Keluarga pun di undang kembali dan makan malam disiapkan… Kali ini, tidak seorang pun diberi kesempatan untuk menghalangi misi beliau, Guru kita mulai berpidato:
“Hamd kepunyaan Allah, dan kepada Allah aku mencari pertolongan… Aku beriman dan bertawakal kepada Allah! Aku mengetahui tanpa keraguan bahwa hanya Allah yang ada dan tiada tuhan-tuhan untuk disucikan dan disembah! Allah itu AHAD dan tidak berkawan ataupun bersekutu…

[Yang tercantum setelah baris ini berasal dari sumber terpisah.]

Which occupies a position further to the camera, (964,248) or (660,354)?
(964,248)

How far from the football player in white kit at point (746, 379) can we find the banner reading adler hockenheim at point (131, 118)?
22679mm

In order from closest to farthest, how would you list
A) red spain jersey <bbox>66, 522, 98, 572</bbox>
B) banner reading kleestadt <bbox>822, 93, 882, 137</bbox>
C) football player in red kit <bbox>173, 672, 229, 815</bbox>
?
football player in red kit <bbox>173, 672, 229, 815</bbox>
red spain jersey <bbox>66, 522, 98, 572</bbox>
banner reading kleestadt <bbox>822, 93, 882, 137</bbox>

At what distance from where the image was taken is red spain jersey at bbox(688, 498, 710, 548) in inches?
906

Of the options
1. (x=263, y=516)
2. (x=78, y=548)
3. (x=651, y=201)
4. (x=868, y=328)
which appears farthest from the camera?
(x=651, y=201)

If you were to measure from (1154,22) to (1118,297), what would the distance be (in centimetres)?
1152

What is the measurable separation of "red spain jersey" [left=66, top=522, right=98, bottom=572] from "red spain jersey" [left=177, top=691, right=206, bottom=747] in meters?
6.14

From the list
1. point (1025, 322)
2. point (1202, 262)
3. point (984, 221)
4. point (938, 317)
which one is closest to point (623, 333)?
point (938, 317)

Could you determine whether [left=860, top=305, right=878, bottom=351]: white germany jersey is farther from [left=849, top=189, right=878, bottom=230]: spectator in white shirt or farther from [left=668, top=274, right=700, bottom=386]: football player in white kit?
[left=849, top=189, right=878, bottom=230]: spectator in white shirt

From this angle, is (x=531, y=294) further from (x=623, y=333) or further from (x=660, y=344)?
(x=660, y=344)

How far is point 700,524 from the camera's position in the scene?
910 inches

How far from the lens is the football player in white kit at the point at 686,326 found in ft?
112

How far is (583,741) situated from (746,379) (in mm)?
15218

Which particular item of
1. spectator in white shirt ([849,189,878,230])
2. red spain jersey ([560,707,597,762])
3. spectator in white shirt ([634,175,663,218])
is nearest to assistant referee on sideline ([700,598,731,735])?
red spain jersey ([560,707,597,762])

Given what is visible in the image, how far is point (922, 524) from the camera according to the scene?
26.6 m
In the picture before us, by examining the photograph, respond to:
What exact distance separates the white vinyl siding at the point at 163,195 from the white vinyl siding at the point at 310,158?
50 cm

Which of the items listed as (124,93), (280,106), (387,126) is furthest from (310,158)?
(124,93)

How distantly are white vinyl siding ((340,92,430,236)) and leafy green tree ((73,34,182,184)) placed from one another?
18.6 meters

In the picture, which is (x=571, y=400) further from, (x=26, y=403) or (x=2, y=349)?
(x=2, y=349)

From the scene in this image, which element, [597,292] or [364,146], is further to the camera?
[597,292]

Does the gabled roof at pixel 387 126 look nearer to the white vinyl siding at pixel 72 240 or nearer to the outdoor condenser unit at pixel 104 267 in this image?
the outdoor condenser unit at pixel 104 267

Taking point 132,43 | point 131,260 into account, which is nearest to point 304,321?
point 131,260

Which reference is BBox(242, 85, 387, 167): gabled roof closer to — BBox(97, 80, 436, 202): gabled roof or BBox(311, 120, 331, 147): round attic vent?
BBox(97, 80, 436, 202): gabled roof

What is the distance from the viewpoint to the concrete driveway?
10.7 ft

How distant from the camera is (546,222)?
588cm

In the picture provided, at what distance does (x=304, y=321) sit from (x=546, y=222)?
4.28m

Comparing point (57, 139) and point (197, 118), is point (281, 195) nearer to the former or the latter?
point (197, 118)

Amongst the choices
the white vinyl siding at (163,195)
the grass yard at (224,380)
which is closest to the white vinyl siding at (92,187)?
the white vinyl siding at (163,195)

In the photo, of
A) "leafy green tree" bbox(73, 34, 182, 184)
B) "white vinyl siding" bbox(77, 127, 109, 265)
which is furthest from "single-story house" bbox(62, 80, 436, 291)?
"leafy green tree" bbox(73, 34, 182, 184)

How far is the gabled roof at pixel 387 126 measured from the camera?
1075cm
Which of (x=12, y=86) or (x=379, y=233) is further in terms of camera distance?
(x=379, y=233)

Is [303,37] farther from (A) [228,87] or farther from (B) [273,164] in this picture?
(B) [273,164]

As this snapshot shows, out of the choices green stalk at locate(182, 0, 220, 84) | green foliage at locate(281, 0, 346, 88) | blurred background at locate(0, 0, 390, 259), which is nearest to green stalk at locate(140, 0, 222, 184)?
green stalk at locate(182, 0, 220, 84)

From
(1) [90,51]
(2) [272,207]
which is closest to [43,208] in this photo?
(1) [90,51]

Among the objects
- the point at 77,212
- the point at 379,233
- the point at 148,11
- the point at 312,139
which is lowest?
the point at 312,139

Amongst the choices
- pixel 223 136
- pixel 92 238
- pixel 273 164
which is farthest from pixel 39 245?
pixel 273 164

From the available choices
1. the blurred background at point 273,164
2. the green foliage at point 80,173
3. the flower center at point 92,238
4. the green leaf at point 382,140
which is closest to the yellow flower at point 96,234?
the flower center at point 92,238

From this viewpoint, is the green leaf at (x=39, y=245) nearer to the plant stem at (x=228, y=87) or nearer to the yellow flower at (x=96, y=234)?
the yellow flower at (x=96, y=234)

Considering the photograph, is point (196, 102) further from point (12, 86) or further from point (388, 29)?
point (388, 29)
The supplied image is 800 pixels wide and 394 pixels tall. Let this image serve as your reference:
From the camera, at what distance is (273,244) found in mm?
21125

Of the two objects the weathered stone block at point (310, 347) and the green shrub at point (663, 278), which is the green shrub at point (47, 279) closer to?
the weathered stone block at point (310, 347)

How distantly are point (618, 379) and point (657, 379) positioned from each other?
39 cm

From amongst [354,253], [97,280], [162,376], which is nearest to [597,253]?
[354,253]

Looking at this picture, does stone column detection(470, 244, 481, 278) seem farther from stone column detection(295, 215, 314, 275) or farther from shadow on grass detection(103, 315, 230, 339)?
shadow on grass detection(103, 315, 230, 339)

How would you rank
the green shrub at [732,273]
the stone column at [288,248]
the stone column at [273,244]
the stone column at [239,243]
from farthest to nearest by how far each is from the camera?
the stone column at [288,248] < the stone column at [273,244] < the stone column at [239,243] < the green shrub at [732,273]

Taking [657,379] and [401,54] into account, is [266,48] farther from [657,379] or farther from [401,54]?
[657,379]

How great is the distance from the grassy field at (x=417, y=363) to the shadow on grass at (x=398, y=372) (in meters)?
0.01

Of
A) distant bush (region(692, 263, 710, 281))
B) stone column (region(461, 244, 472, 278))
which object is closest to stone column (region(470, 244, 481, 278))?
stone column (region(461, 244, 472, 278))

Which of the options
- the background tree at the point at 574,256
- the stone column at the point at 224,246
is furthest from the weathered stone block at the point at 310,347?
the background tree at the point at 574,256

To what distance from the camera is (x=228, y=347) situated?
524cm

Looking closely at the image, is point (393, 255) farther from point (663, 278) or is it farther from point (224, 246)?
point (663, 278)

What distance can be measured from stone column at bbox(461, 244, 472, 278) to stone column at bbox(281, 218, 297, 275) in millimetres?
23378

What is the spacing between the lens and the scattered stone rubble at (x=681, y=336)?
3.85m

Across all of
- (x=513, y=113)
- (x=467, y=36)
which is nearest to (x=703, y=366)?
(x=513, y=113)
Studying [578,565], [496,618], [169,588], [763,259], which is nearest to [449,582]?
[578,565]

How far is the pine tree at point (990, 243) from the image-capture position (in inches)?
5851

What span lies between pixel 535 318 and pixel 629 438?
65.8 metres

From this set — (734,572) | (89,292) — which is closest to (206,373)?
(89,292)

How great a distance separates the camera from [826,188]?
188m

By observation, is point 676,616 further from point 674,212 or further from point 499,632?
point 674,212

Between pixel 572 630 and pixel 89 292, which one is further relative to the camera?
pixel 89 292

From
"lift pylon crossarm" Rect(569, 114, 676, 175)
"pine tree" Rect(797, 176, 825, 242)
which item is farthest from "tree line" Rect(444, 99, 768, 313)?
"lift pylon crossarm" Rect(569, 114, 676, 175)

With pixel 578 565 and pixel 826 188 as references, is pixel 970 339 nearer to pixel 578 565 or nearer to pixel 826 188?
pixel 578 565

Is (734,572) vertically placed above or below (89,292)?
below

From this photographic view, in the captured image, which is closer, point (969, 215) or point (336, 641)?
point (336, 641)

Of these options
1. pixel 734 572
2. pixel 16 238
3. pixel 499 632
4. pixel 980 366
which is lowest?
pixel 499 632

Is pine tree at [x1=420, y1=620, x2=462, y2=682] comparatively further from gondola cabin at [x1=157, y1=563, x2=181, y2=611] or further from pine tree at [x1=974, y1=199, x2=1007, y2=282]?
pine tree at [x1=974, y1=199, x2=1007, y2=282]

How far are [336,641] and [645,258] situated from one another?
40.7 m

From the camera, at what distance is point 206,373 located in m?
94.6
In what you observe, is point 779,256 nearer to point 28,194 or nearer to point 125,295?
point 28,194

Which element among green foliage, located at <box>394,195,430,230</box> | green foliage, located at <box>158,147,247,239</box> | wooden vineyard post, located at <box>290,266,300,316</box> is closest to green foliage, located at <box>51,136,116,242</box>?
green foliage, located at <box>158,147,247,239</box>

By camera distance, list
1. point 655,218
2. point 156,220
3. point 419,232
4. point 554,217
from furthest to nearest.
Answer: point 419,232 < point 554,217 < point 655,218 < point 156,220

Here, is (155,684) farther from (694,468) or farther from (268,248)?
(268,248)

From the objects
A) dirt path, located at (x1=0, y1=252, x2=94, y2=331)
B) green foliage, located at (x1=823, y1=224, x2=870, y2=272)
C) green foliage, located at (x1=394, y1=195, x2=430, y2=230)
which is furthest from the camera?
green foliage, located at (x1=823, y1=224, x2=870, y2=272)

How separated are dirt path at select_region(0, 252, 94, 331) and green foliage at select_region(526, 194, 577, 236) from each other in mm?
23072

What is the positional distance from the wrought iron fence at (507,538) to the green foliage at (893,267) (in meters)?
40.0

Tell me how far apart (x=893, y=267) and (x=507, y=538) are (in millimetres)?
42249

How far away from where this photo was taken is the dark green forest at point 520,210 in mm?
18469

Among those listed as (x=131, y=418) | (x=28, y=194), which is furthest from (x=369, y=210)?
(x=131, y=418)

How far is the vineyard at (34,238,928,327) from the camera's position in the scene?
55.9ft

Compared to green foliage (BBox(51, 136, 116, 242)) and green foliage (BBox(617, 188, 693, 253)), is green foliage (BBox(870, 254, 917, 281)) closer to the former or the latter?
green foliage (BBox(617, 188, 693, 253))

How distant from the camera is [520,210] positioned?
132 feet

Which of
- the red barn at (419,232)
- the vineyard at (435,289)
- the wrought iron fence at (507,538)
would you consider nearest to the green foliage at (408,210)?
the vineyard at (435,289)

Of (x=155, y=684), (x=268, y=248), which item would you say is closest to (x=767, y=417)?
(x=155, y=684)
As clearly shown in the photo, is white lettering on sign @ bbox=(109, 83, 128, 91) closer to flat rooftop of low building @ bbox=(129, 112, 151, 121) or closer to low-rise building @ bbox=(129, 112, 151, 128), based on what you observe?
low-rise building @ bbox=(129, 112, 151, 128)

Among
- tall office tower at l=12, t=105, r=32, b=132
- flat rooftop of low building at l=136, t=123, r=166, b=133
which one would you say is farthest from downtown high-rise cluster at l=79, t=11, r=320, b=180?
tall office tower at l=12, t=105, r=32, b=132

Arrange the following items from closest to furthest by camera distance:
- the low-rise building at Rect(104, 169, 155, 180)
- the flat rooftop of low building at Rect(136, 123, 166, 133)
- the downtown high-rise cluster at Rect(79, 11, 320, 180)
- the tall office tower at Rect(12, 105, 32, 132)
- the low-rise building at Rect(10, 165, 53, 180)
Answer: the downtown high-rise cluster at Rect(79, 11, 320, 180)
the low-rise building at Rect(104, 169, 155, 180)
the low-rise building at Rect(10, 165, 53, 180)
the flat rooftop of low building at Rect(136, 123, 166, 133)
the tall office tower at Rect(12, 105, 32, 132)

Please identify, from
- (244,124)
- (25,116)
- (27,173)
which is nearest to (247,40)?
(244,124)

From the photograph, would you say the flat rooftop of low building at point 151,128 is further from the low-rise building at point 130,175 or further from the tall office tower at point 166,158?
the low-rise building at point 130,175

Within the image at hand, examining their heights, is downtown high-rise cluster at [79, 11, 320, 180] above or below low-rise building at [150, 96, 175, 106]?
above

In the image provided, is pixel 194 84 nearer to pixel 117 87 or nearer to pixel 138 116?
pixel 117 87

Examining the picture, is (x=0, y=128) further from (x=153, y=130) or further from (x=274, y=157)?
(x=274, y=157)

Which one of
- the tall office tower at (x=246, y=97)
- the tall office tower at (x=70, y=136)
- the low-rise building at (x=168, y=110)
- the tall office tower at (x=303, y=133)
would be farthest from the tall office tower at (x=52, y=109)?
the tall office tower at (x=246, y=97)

Tentulah orang yang telah dikirim untuk menemukan tanah yang hijau tidak akan berdusta kepada keluarganya saat kembali… Demi Allah, sekalipun jika aku berdusta kepada seluruh dunia, aku tidak akan berdusta kepada kalian… Sekalipun aku mencurangi dan menipu seluruh manusia, aku tidak akan pernah menipu kalian… Aku mengajak kalian untuk beriman dan menyembah Allah, yang Esa yang tiada yang lain di sisinya untuk diibadati!
Aku seorang Rasul yang dikirim Allah kepada kalian dan kepada seluruh manusia… Demi Allah, seperti ketika kalian tertidur, suatu hari kalian akan mati… dan seperti ketika kalian bangun dari tidur, kalian akan dibangkitkan kembali dan dimintai pertanggungjawaban atas semua perbuatan kalian…
Kalian akan melihat kebaikan yang kalian lakukan dibalas kebaikan dan keburukan yang kalian lakukan dibalas keburukan… Baik kehidupan surga abadi ataupun neraka abadi…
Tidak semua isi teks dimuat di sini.